- **EXERCISE DETAILS**
Copy everything in the data below exactly except the pictures.

- **SUPPLIED MATERIAL**
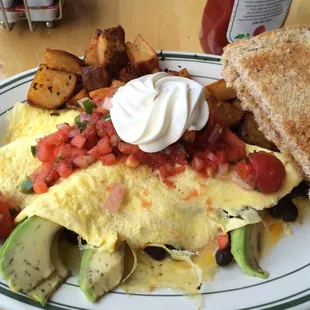 El Paso Omelette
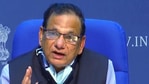 NITI Aayog member Dr VK Paul (File Photo) NITI Aayog member Dr VK Paul (File Photo)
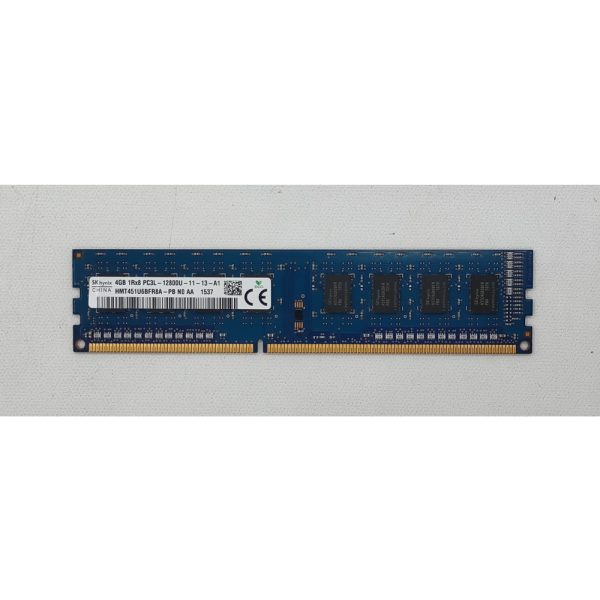 Модуль памяти HMT451U6BFR8A-PB, SK Hynix, DDR3, 4Gb, 12800, DIMM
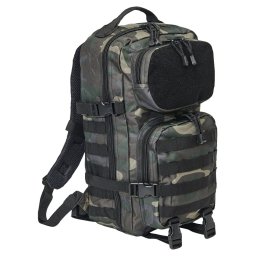 BRANDIT batoh US COOPER VELCRO DARK CAMO
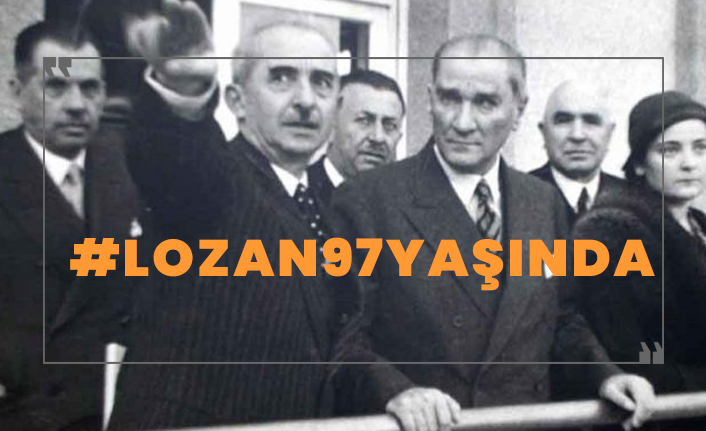 Lozan 97 yaşında!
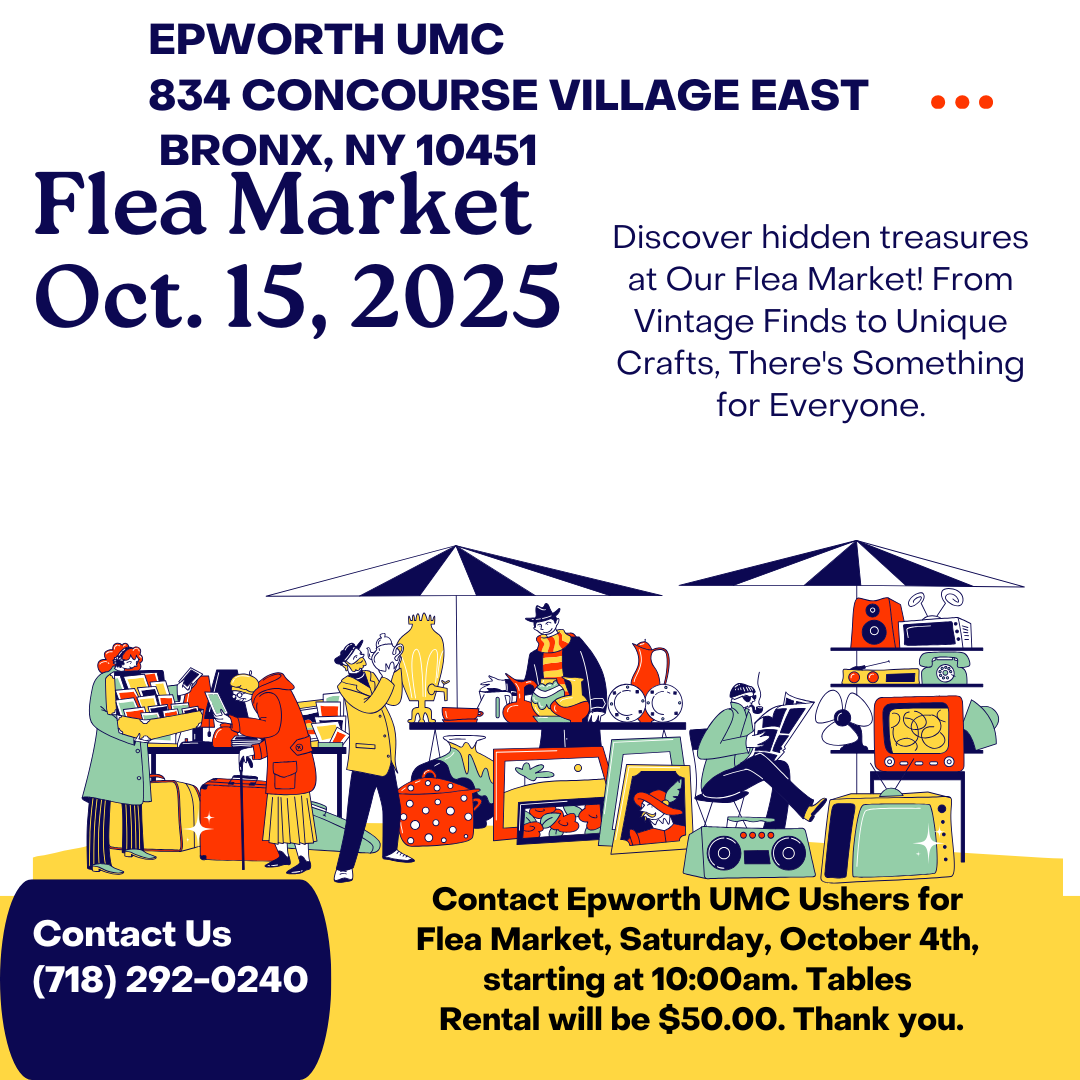 Epworth Flea Market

- **FINISHED EXERCISE**
 El Paso Omelette
 NITI Aayog member Dr VK Paul (File Photo) NITI Aayog member Dr VK Paul (File Photo)
 Модуль памяти HMT451U6BFR8A-PB, SK Hynix, DDR3, 4Gb, 12800, DIMM
 BRANDIT batoh US COOPER VELCRO DARK CAMO
 Lozan 97 yaşında!
 Epworth Flea Market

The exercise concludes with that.